- Prompt
Produce a verbatim transcription of the records below, beginning at the line containing "By Kidist D." and ending at the final line; include only those lines.

- Input data
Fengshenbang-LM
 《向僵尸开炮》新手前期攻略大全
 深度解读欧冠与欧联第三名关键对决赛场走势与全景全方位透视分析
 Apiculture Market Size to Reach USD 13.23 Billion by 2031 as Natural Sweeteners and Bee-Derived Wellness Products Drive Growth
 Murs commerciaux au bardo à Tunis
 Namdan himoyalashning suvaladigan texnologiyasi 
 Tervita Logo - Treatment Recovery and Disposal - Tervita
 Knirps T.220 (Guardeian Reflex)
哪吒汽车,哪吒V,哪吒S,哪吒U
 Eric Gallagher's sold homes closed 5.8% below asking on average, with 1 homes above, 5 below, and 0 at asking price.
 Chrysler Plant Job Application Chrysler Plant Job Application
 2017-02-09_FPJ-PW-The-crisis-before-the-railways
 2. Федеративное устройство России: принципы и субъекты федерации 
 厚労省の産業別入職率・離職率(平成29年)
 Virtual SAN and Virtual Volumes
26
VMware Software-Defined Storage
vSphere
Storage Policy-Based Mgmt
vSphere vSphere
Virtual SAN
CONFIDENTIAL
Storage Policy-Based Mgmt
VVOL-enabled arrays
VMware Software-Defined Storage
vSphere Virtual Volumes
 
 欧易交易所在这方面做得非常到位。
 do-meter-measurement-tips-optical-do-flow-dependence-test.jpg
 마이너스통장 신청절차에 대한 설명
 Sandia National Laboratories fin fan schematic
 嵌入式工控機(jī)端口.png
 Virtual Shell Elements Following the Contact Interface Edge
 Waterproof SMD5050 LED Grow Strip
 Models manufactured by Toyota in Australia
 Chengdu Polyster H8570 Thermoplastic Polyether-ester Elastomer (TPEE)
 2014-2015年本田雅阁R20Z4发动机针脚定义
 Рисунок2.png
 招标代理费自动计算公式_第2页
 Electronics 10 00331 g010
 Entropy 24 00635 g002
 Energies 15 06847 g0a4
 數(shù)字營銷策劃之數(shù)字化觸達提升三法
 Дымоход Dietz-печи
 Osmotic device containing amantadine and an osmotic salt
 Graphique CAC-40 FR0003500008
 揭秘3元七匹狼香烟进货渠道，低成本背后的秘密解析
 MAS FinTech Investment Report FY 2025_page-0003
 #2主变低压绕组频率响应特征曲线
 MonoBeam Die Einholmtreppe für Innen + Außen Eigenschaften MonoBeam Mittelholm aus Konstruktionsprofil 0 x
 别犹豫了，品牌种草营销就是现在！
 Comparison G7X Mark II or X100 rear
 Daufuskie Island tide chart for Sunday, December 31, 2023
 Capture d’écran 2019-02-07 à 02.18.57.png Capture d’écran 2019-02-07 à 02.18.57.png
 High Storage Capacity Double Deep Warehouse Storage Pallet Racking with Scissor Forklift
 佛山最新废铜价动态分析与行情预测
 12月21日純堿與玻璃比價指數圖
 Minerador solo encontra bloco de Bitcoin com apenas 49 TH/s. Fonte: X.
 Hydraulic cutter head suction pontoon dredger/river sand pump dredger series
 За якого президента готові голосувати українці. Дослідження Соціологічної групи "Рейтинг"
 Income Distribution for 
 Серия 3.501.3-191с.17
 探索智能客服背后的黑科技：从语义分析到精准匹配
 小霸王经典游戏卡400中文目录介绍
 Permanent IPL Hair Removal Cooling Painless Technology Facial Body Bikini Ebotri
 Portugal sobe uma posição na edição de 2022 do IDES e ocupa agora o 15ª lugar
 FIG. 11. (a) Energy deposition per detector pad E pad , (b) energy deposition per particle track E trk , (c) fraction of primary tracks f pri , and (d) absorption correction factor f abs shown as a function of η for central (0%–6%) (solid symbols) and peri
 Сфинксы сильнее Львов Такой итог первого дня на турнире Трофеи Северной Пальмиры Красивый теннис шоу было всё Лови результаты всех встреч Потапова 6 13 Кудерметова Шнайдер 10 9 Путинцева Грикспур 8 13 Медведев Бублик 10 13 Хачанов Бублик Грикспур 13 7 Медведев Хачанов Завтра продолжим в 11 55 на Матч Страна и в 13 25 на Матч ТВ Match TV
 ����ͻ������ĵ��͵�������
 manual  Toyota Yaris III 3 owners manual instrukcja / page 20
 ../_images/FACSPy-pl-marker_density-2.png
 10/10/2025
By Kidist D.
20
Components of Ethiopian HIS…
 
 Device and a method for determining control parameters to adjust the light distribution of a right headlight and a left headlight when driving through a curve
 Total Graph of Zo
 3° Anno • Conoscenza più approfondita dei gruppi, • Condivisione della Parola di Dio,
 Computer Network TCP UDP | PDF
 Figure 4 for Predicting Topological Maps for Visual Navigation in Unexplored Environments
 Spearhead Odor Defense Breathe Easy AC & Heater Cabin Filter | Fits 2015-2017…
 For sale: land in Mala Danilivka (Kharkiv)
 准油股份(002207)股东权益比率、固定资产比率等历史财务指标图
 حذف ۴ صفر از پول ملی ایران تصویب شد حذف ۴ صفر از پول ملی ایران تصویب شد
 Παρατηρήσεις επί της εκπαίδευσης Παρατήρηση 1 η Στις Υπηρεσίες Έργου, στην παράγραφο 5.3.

- Response to this task
By Kidist D.
20
Components of Ethiopian HIS…
 
 Device and a method for determining control parameters to adjust the light distribution of a right headlight and a left headlight when driving through a curve
 Total Graph of Zo
 3° Anno • Conoscenza più approfondita dei gruppi, • Condivisione della Parola di Dio,
 Computer Network TCP UDP | PDF
 Figure 4 for Predicting Topological Maps for Visual Navigation in Unexplored Environments
 Spearhead Odor Defense Breathe Easy AC & Heater Cabin Filter | Fits 2015-2017…
 For sale: land in Mala Danilivka (Kharkiv)
 准油股份(002207)股东权益比率、固定资产比率等历史财务指标图
 حذف ۴ صفر از پول ملی ایران تصویب شد حذف ۴ صفر از پول ملی ایران تصویب شد
 Παρατηρήσεις επί της εκπαίδευσης Παρατήρηση 1 η Στις Υπηρεσίες Έργου, στην παράγραφο 5.3.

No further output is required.